Cap and Dagger
by Patrick McCullough | published Sep. 9th, 2021
On Feb. 7, 1991, then President of RIT Merle Richard Rose took a four-month sabbatical from RIT to work on a confidential assignment in Washington, D.C.
This event led to an investigation that revealed deep ties between RIT and the Central Intelligence Agency (CIA).
The RIT-CIA Chronicle
On May 16, 1991, the Democrat and Chronicle published the first in a series of investigative articles written by Jennifer Hyman.
The article discussed the RIT Research Corporation (RITRC) founded in 1980 as a for-profit subsidiary of the university that conducted proprietary research. Although the corporation was legally separate from RIT, it was staffed entirely by university faculty and students.
According to Hyman, the CIA had funneled several million dollars to the university and the RITRC. The university at the time had past ties with the CIA, which centered around the Center for Imaging Science.

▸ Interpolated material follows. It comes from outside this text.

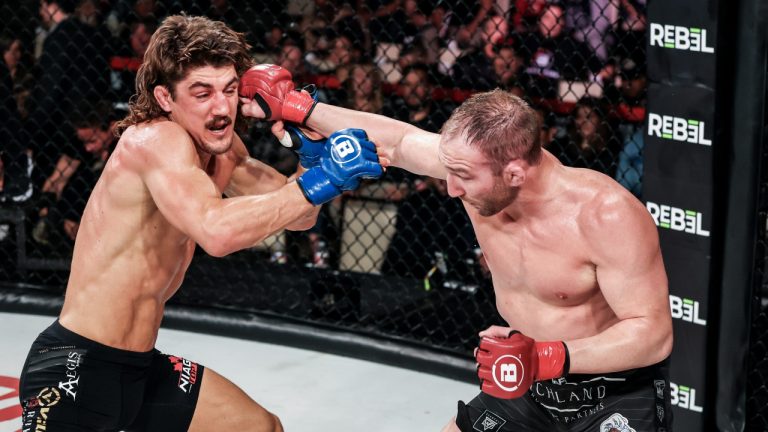 Canadian middleweight Aaron Jeffery (left) absorbs a blow from American John Salter at Bellator 293 on March 31, 2023. THE CANADIAN PRESS/HO-BELLATOR MMA/LUCAS NOONAN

The alleged CIA-sponsored research ranged from the extraction of intelligence from satellite images to document reproduction projects. Sources familiar with the project claimed it involved research into producing forged documents that were harder to detect.

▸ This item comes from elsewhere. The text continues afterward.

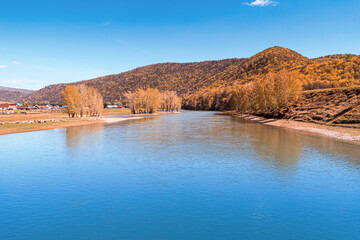 Naklejka premium Scenic view of wide river and small tranquil hills and mountains covered with autumn forest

Another article covered an alleged agreement brokered by Rose between RIT and the CIA. The document, known as the 1985 Memorandum of Agreement, revealed just how much influence the CIA had over educational programs at RIT.
In the memorandum, the CIA agreed to pay the salaries of members of the RITRC, so long as their work was deemed to directly benefit the agency. The CIA also provided “seed money,” money used to attract other government or industry bodies, to develop a “valuable source of trained individuals.”
CIA activity was not limited to financial support. The memorandum also dictated that the Center for Imaging Science was to set a curriculum that was “responsive” to the technical specialties useful to the CIA.
On May 28, 1991, Rose announced the appointment of a “blue-ribbon” commission to investigate RIT’s links to the CIA.
After a series of protests questioning the bias of the commission, the blue-ribbon panel was replaced with a review panel composed of trustees, faculty, students and alumni.
The university hired Monroe H. Freedman, a professor of legal ethics at Hofstra University Law School, to serve as an independent “senior fact finder,” in the ongoing probe.
The panel’s findings were released to the public after a four-month investigation. The report concluded that RIT’s ties to the CIA were tighter than the administration of the time was willing to admit.
The panel concluded that the 1985 Memorandum of Agreement — which had been dismissed by Rose as nothing more than a draft — effectively described RIT’s relationship with the CIA.
The investigation also found that Rose had repeatedly misled the school about the nature of his work. By then, Rose had already announced his resignation.
There is no doubt that during his time as president, Rose broadened the the influence and reputation of RIT. Rose's role in growing RIT into a center for research has been largely overshadowed by the entities that funded it.
With Rose's passing on April 10, 2021, the university is left to wonder how much of his legacy survives him.